- **Task**: Could you restate the data word for word and drop the pictures?

- **Recorded data**:

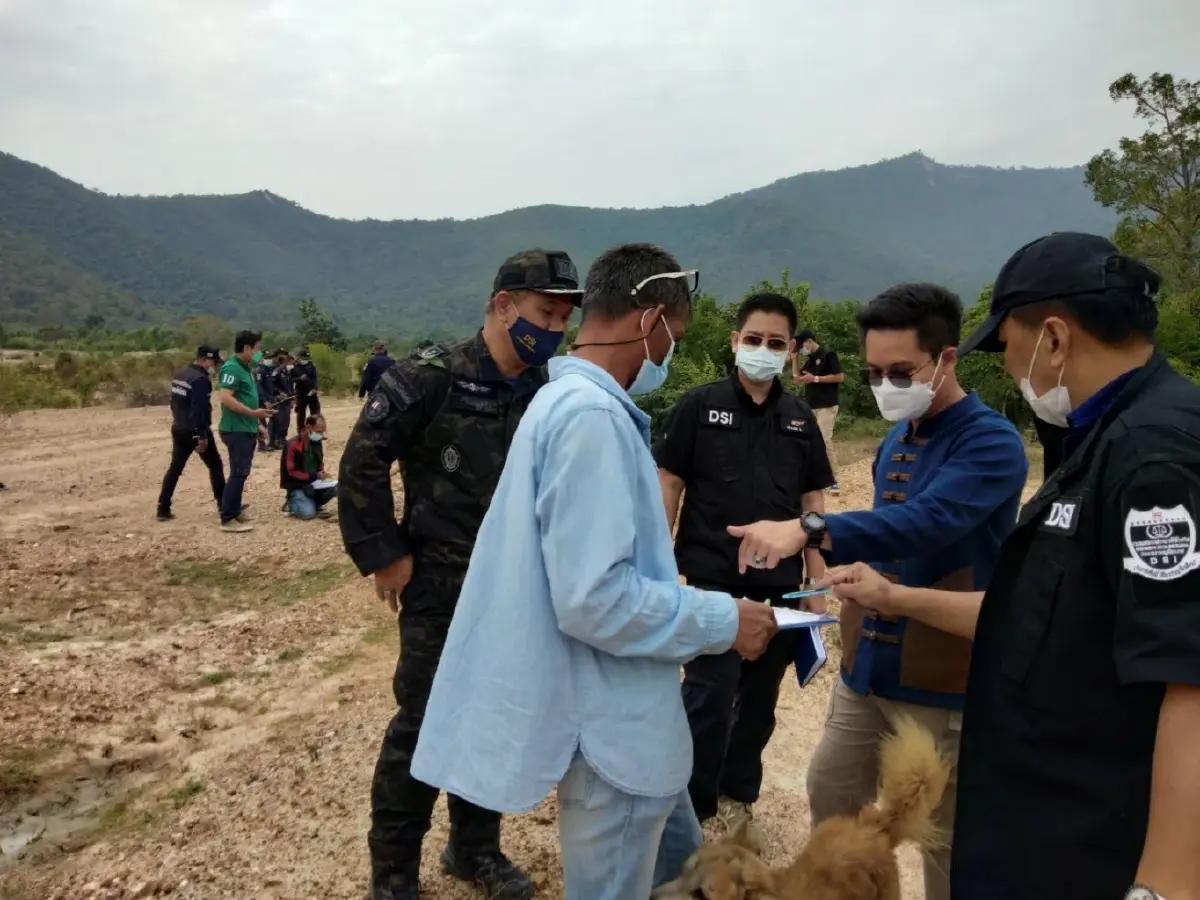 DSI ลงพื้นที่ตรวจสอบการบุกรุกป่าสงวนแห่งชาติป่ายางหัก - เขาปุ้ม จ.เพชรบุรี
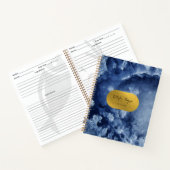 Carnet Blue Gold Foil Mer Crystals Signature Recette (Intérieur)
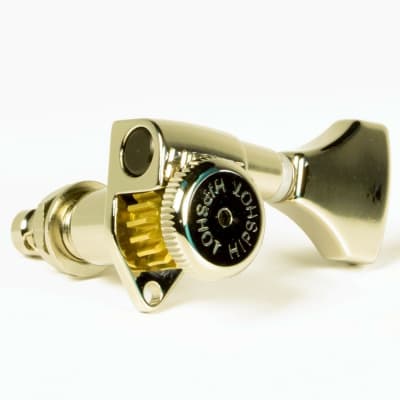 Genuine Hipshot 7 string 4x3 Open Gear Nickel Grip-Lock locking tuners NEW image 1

- **Answer to this exercise**:
 DSI ลงพื้นที่ตรวจสอบการบุกรุกป่าสงวนแห่งชาติป่ายางหัก - เขาปุ้ม จ.เพชรบุรี
 Carnet Blue Gold Foil Mer Crystals Signature Recette (Intérieur)
 Genuine Hipshot 7 string 4x3 Open Gear Nickel Grip-Lock locking tuners NEW image 1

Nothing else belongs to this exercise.